Pemasangan Deta kepada Deri Asta Rangkayo Mudo Dirajo dilakukan oleh Ketua LKAAM Sumbar, M. Sayuti Datuak Rajo Panghulu. Penyisipan keris oleh, Ketua LKAAM Sawahlunto,.Dahler Datuak Panghulu Sati. Pemasangan Salempang oleh Kabiro Organisasi Setdaprov Sumbar, Irwan Datuak Rajo Nando dan penyerahan tungkek oleh Ketua KAN Talawi , Aljasri Datuak Abu Bakar.

baca juga: HUT ke-131, Pemko Sawahlunto Gandeng Agen Perjalanan Wisata untuk Promosi World Heritage

Ketua LKAAM Sumatra Barat, M. Sayuti Datuak Rajo Panghulu mengatakan, pemberian Gala Sangsako kepada Walikota Deri Asta sudah memenuhi persyaratan adat dan telah mendapat persetujuan dari Kaum Sumagek Talawi pada, 25 Oktober 2019. Adapun makna gelar tersebut Rangkayo artinya, orang yang kaya bukti pekerti dan harta benda. Mudo artinya, orang muda ringan tangan suka membantu dan Dirajo artinya, Pemimpin tertinggi yang bijaksana di Sawahlunto.

BACA JUGA: Maju di Pilkada Bukittinggi, 'Sahabat UAS' Mendaftar ke Partai Gerindra

baca juga: Bunga Bangkai Berukuran Raksasa Ditemukan di Sawahlunto

BACA JUGA: Ini Alasan Erman Safar Maju di Pilkada Bukittinggi

BACA JUGA: Pengamat: Jualan UAS Tak Laku pada Pilkada Sumbar 2020

baca juga: Diintai Sebulan, RS Akhirnya Dibekuk Petugas BNN Sawahlunto

"Usulan pemberian Gala Sangsako dibahas dan disetujui dalam rapat pleno Pengurus LKAAM Provinsi Sumatera Barat beberapa waktu yang lalu. Gala Sangsako merupakan gelar kehormatan bukan gelar Sako, yang diberikan kepada tokoh-tokoh yang berjasa untuk Minangkabau, Islam, bangsa dan negara. Gelar ini juga akan diberikan kepada siapa saja yang punya manfaat bagi kemashlahatan umat dan warga di ranah minang," tutur Ketua LKAAM Sumbar, M. Sayuti Datuak Rajo Panghulu.
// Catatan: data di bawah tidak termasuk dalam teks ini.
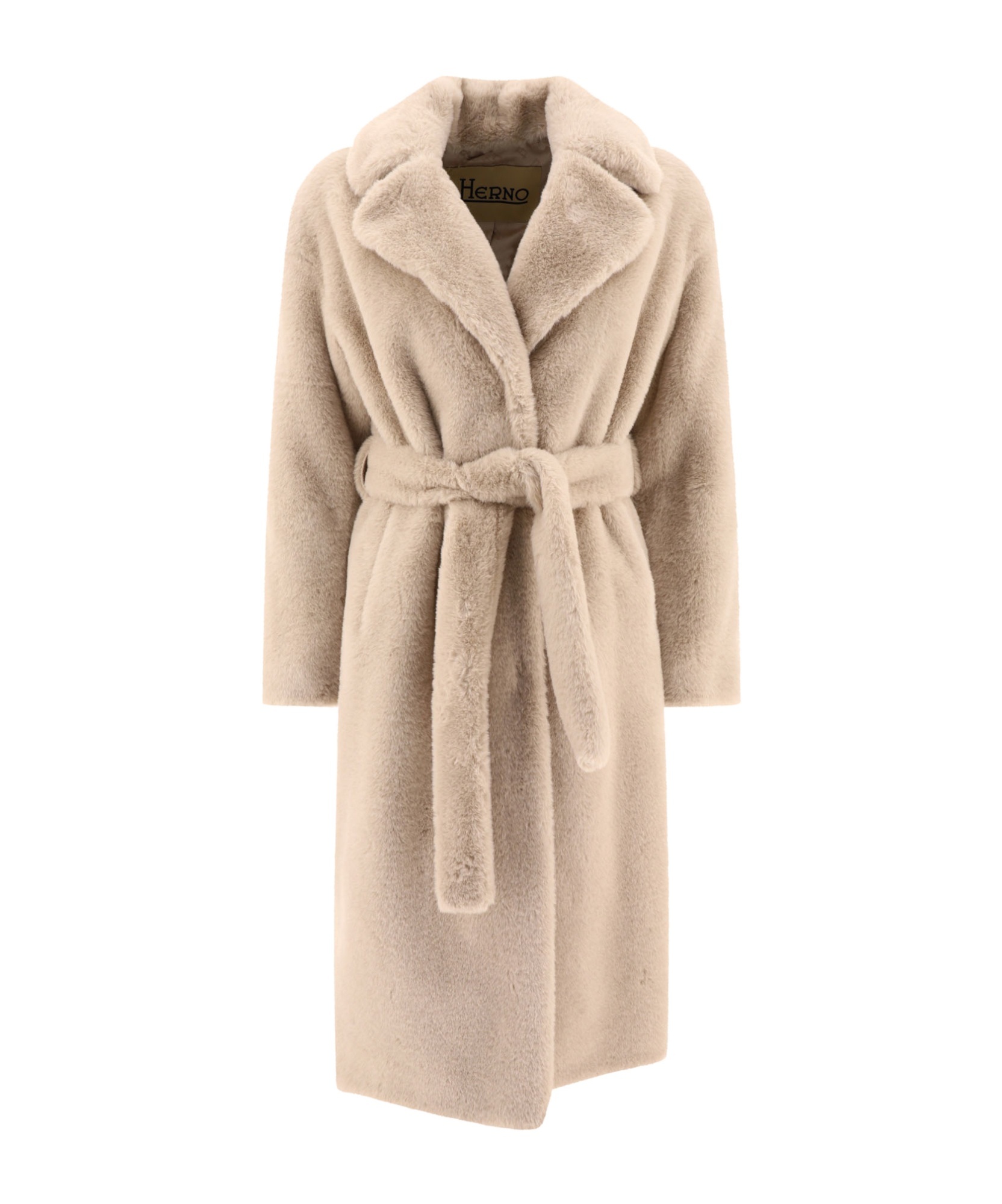 Herno Soft Alternative Fur Coat In Nude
Gala Sangsako sebutnya, berbeda dengan Gala Sako. Gelar ini tidak mengenal garis turunan. Jadi yang berhak memakai gelar ini adalah si penerima saja.
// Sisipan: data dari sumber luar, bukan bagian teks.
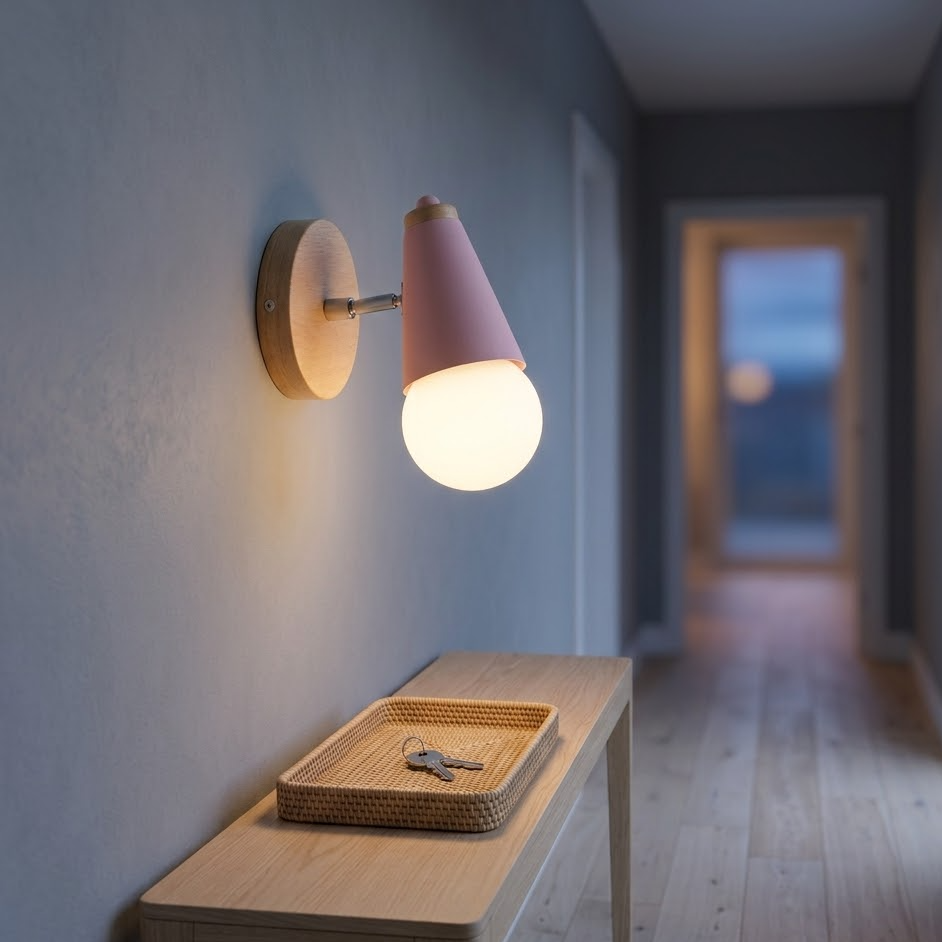 Pink globe wall sconce lit above an oak console table in a hallway at dusk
baca juga: Puluhan Pedagang Minyak Eceran Datangi DPRD Sawahlunto

"Dengan bergelar ini, maka ada tugas bersama yang harus diwujudkan dalam Negara Kesatuan Republik Indonesia, jika PNS disebut abdi negara, niniak mamak adalah abdi Pancasila. Bersama Niniak mamak, sebagai penolong agama Allah dan ampu menjalankan pembagunan bersinergi dengan tokoh adat dan juga agama," tuturnya.
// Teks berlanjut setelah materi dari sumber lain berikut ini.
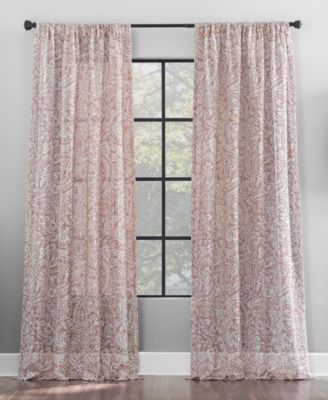 Archaeo Paisley Waffle Weave Cotton Blend Curtain Collection In Rose Quartz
Walikota Sawahlunto, Deri Asta Rangkayo Mudo Dirajo mengucapkan terimakasih dan juga apresiasi atas pemberian gelar Sangsoko adat ini. Dia berharap, dapat menjalankan tugas dan amanahnya sesuai dengan gelar yang telah disematkan.
"Gelar yang disematkan ini adalah beban yang berat, untuk itu kami meminta dukungan segenap niniak mamak, bundo kanduang dan seluruh elemen lainnya, agar dapat mendukung dan memberikan masukan terkait tugas dan amanah yang harus dijalankan," katanya.

Dia manambahkan, setiap program yang akan dilakukan akan disinergikan dengan kegiatan adat dan agama untuk pembangunan kota yang lebih baik.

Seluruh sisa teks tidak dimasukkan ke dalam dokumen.